インタビュー
» 2019年09月20日 07時45分 公開

ホリエモンが「ピロリ菌検査」と「HPVワクチン」を推進し続ける真意堀江貴文が語る「予防医療」(6/8 ページ)

[今野大一,ITmedia]

「政治問題」となった子宮頸がんワクチン

鈴木: ここからはHPVについて話します。この前も堀江さんは記者会見をされましたね。これは今、半ば「政治問題」になっています。子宮頸がんの原因は、基本的にはHPVというウイルスです。胃がんの原因のピロリ菌は細菌でしたが、子宮頸がんはHPVというウイルスに感染することによって起きるがんです。子宮頸がんの罹患数は徐々に増えていて、2000年は人口1万人当たり1人だったのが、今は2人弱です。

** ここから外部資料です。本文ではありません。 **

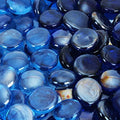 Reflective Fire Pit Glass Beads - Professional Grade Fire Glass for Fire Pit - 3/4" Firepit Glass Rock - Glass Stones - Gas & Propane Fireplace Glass (20 Pound, Dark Blue, Light Blue)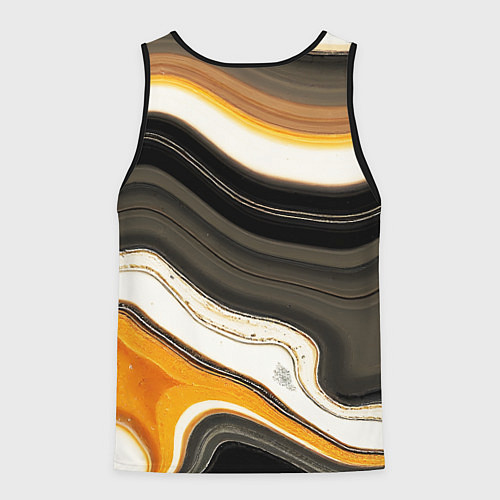 Мужская майка без рукавов Волнистые чёрно-жёлтые полосы на белом фоне / 3D-Черный – фото 2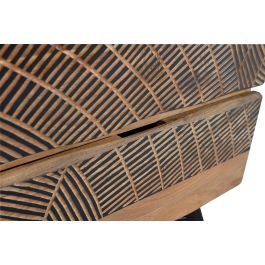 GINER Y COLOMER Commode 6 tiroirs en acacia avec pattes en métal, finition naturelle et décor sculpté main, L125 x P40 x H86 cm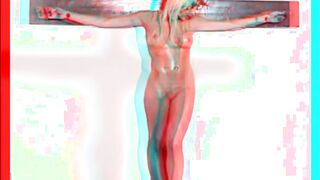 Female Jesus Crucified Naked (3D)
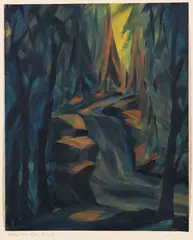 Christian Arnold, Abfallender Bach, 1918, Gouache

 では、がんが見つかったらどうするのか。基本的に早期であれば円錐切除といって、子宮頸部だけを切り取ればいいのですが、これをすると流産や早産のリスクが高まるという弊害があります。ですから、例えば検診で早期のうちにがんが見つかったとしても、それはもう無傷ではいられなくて、さらに進行してしまうと、子宮を全摘出しなければいけない。

 だから、なるべく早めに見つけるより、がんにならないほうがいい。ピロリ菌のワクチンはないのですが、HPVはワクチンでウイルスに感染しないようにすることができるのが最大の特徴です。実は日本では今、定期接種になっていて、3回接種することができるのです。

堀江: 対象の人には無料で受けられます。 

鈴木: そうです。実は私の娘も高校1年生なのですが、2回目のワクチンを先日打ちました。これは1本が大体2万5000円ほどで、3回だと7万5000円です。これが公費によって、無料で受けることができます。そのことを、ほとんどの人が知らないということに問題があります。自治体が積極的に告知することをやめてしまっているのが原因です。

 世界のワクチンの接種率を見てみると、北欧やオーストラリア、カナダでは7割以上ですが、日本は今、接種率が1%を切ってしまっていて0.7%ぐらいですから、ほとんどの人は打っていない状態です。

 実は6年前に国が、HPVワクチンの無料の定期接種をはじめて対象者に個別通知を行ったのですが、いわゆる「副反応問題」が起きて、3カ月で積極的な接種の勧奨をやめてしまったのです。

 それは今も続いていて、ワクチンの問診票をもらいに行くと、「こんなにリスクがありますよ」という話ばかりを市役所の担当者がするのです。そんなことを聞いてしまうと、せっかく打とうと思ってもそこで接種をやめてしまうということもある。

 ただ、副反応問題はすでに決着がついています。さまざまな研究があって、「副反応はワクチンのせいではなかった」ということが科学的に分かっているのです。そのことがやはり伝わっていない。結局国も静観を続けていて、接種の勧奨を再開できずにいるのが現状です。